W naszej sekcji czy drużynie dobra była. Chłopaki zaczęli drzeć kenkarty, mówią: „Nam niepotrzebne”. A ja nie podarłem kenkarty i mnie ta kenkarta uratowała. A jeżeli bym podarł kenkartę, to ja nie wiem, co by ze mną było. Tak że z Powstania uciekłem tego dnia, przenocowałem na Łopuszańskiej w takiej pralce. Ludzie mi przynieśli chleba razowego, pomidora. Przenocowałem w tej pralce i na drugi dzień szedłem do domu. Było jakieś dwa kilometry, które miałem pójść, a tam był bunkier niemiecki. Miałem obandażowaną głowę, bo miałem czyraka. Ale chłopaki mówią: „Daleko nie ujdziesz”. A ja: „Dlaczego?”. Oni: „Bo tam jest bunkier”. Idę dalej, a oni: „Wróć się, bo tam jest bunkier”. A ja nie, twardo idę. Dochodzę do tego bunkra, a tu:
Halt! W dole, drut kolczasty, szczekają erkaemy.
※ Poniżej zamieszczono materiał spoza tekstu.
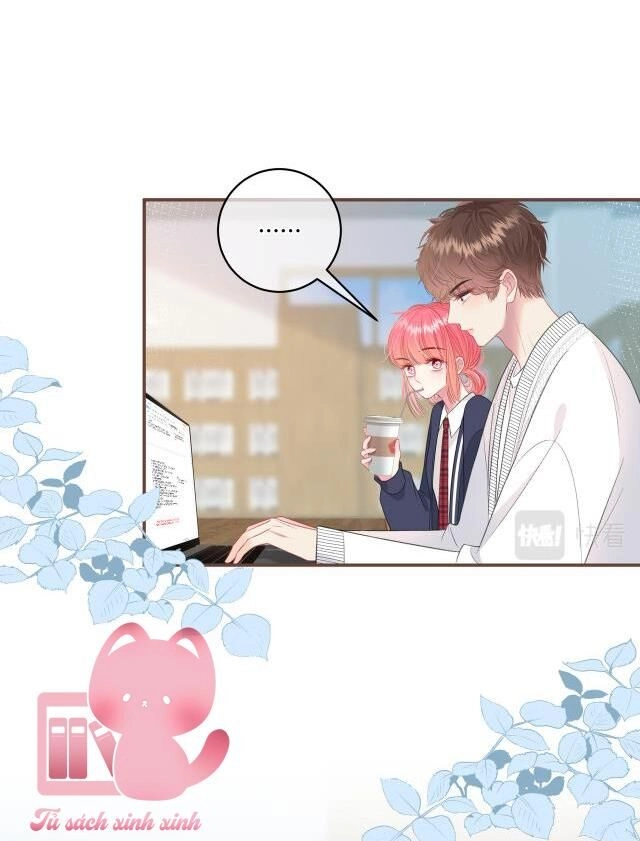 Tôi Sẽ Không Thích Cậu Đâu! Chapter 17 - 29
Ausweis! Daję mu tę kenkartę, a tam napisane
Warschau, Okęcie. A gdybym tę kenkartę podarł, to nie wiem, co by było. Mówi: Du, Banditen von Warschau, du schießen. Mówię, że dostałem ostrzał, postrzelony byłem. „Ty bandyto, zostałeś postrzelony”. A ja odwijam bandaż, nic nie mówię, a ten bandaż miał tak z metr, odwijam, nachyliłem się i mu pokazałem tutaj. Zobaczył ten wrzód i dał mi spokój. A tam dalej moja siostra stała, przyglądała się, nie poznała mnie. Siostra weszła do domu, a ja za jakieś pięć minut wchodzę: „To ciebie ta wacha trzymała?”.
Tak mnie ta kenkarta uratowała. A jak bym nie miał tej kenkarty? Miałem tę kenkartę i zgubiłem. Miałem tu w kieszeni, wypadła, portfel cały, prawo jazdy i ta kenkarta. Żałuję, że zgubiłem. Pamiątka była. Można powiedzieć, że uratowała mi życie.
- Jak podczas Powstania ludność cywilna odnosiła się do Powstańców?
Wrogo. Częściowo, w osiemdziesięciu procentach wrogo: „Bandyci, co narobili! Po co wam to potrzebne? Miasto żeście złożyli, tyle ludzi zginęło i co żeście zrobili? Żeście powariowali!”. Przykro było słuchać.
Druga strona medalu. Gdyby nie było Powstania, Niemcy mieli zamiar się bronić w Warszawie. Brali ludzi do roboty do Warszawy, między nimi ja byłem po wyjściu z Powstania. Zawieźli nas traktorami na dworzec. Tam żeśmy wysiedli. Tam były oskardy, były szpadle, inne narzędzia, drągi żelazne. Bankiety [??], tak trzeba było kłaść [bokiem]. Dlaczego? Bo tam miały lądować samoloty dla Niemców. Latarnie w alei Niepodległości wysadzali i traktory te latarnie ściągały na boczne ulice. Drzewa, które rosły w Alejach Jerozolimskich, wysadzali, a traktory ściągały je na bok. Bo tam od Towarowej do Muzeum, tam prawdopodobnie miały lądować niemieckie samoloty. Ludzi mieli wysiedlić i mieli się bronić. A jakby nie wysiedlili, to co by było? Jakby się bronili, to ruskie by stłukli Warszawę, wywieźli ludzi też. Tak że Warszawa nie uniknęłaby nieszczęścia. Niemcy mieli się bronić, sami mówili. A ludzie by jeszcze Niemcom pomagali, jakby nie było Powstania. Też by musieli okopy kopać, barykady stawiać dla Niemców przeciwko ruskim. A ruskie byli blisko, bombardowaliby, artyleria by waliła i Warszawa nie uniknęłaby nieszczęścia.